Your instructions: Given the records below, pull every line with the word "Side" into the answer.

# # # # # # #

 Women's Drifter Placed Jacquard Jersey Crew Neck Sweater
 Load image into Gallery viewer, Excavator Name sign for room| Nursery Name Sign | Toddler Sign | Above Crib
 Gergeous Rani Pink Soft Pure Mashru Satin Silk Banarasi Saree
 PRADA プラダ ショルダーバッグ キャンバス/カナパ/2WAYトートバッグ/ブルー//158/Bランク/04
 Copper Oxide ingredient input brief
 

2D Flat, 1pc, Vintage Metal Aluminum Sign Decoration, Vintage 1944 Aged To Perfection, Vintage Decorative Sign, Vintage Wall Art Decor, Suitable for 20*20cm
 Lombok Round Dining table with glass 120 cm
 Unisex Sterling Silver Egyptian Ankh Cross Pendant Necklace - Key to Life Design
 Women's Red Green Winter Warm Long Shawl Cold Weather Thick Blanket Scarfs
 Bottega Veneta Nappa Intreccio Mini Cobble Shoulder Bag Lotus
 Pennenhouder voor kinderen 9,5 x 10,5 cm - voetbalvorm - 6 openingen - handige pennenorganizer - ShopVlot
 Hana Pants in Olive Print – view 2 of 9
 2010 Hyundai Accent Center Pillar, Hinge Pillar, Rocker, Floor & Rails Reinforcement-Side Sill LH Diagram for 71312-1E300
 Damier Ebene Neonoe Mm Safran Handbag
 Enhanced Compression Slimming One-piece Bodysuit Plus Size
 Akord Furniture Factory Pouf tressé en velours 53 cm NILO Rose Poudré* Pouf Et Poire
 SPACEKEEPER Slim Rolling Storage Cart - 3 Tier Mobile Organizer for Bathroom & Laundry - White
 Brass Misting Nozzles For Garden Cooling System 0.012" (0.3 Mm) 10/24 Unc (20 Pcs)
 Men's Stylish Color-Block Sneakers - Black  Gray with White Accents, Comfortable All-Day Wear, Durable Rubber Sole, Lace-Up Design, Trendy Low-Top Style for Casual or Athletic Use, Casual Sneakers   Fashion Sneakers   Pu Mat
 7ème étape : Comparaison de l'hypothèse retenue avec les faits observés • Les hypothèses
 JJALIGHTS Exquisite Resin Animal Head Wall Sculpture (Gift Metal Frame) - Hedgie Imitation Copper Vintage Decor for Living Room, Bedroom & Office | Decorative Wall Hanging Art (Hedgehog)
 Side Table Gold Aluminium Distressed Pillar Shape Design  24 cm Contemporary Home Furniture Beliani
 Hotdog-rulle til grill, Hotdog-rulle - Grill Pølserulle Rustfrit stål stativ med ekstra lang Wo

# # # # # # #

Exercise result:
 2010 Hyundai Accent Center Pillar, Hinge Pillar, Rocker, Floor & Rails Reinforcement-Side Sill LH Diagram for 71312-1E300
 Side Table Gold Aluminium Distressed Pillar Shape Design  24 cm Contemporary Home Furniture Beliani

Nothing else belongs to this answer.